Our building block is the FD compute kernels that are typically used for RTM (reverse time migration) algorithms for seismic imaging. The computations performed by the ISO-3DFD (Isotropic 3-dimensional finite difference) stencils play a major role in accurate imaging of complex subsurface structures in oil and gas surveys and exploration. Here we leverage the ISO-3DFD discussed in [1] and [2] and illustrate a simple MPI-based distributed implementation that enables a distributed ISO-3DFD compute kernel to run on a hybrid hardware configuration consisting of host Intel® Xeon® processors and attached Intel® Xeon Phi™ coprocessors. We also explore Intel® software tools that help to analyze the load balance to improve performance and scalability.

The Distributed ISO-3DFD

Our illustrative case is a 1D decomposition of the ISO-3DFD compute stencil. We set up a computational domain that is split across MPI processes. For this example, we set up one MPI process per compute device (an Intel Xeon processor or an Intel Xeon Phi coprocessor). This implementation includes the halo exchanges required between MPI processes, that is, between processors and coprocessors. When domain decomposition is applied to an FD stencil as described in [1, 2], it is necessary to implement halo exchanges between subdomains at each time-step of the algorithm. This is because the value updates at domain points close to a border of the subdomain require values computed on an adjacent subdomain:

for(int k=1; k<=HL; k++)    //Stencil Half-Length HL
          u_0 += W[k]*(
            U0(ix+k,iy  ,iz  ) + U0(ix-k,iy  ,iz  ) +
            U0(ix  ,iy+k,iz  ) + U0(ix  ,iy-k,iz  ) +
            U0(ix  ,iy  ,iz+k) + U0(ix  ,iy  ,iz-k));

The order of the 3D stencil is defined by its half-length (HL) value: a stencil of 8th order has a half-length HL=8/2=4, for example. The “width” of the halos to be swapped between adjacent subdomains is also equal to HL.

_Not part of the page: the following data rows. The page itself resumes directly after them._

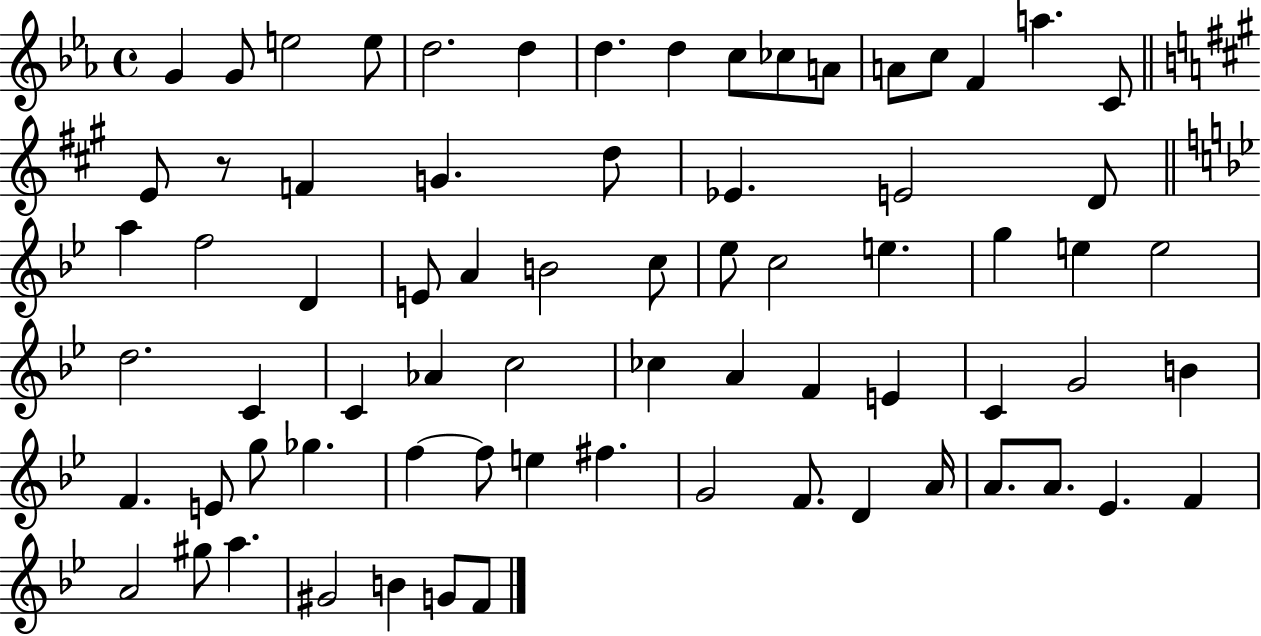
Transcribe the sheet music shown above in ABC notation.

X:1
T:Untitled
M:4/4
L:1/4
K:Eb
G G/2 e2 e/2 d2 d d d c/2 _c/2 A/2 A/2 c/2 F a C/2 E/2 z/2 F G d/2 _E E2 D/2 a f2 D E/2 A B2 c/2 _e/2 c2 e g e e2 d2 C C _A c2 _c A F E C G2 B F E/2 g/2 _g f f/2 e ^f G2 F/2 D A/4 A/2 A/2 _E F A2 ^g/2 a ^G2 B G/2 F/2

This sample code uses a symmetric execution model: the code runs on host processors and coprocessors. This can be accomplished via fully symmetric MPI execution with distinct processes running on Intel Xeon processors and on Intel Xeon Phi coprocessors. For example, assume a single two-socket system named hostname1 with two Intel Xeon Phi coprocessor cards (named hostname1-mic0, and hostname1-mic1) attached to the system’s x16 PCIe* slots. Also assume two executable binaries rtm.cpu (complied for the processor architecture, such as Intel® Advanced Vector Extensions 2 (Intel® AVX2), and rtm.phi (compiled for the architecture of the Intel Xeon Phi coprocessor). Using the Intel® MPI Library, one can leverage both executables in a MPI+OpenMP* symmetric mode execution:

mpirun \
-n 1 -host  hostname1  -env I_MPI_PIN_DOMAIN=socket  -env OMP_NUM_THREADS=14 ./rtm.cpu : \
-n 1 -host  hostname1  -env I_MPI_PIN_DOMAIN=socket  -env OMP_NUM_THREADS=14 ./rtm.cpu : \
-n 1 -host  hostname1-mic0 –env OMP_NUM_THREADS=244 ./rtm.phi  : \
-n 1 -host  hostname1-mic1 –env OMP_NUM_THREADS=244 ./rtm.phi

The simplified single node example above assumes that both rtm.cpu and rtm.phi are parallelized via OpenMP threading as described in [1, 2]. MPI is used for data exchanges and synchronization between nodes, processors, and coprocessors. OpenMP is used to divide MPI process compute work through the cores of a given processor or coprocessor. The above example can also be expanded for multiple nodes with processors and coprocessors. See [3] for more details on MPI symmetric mode execution.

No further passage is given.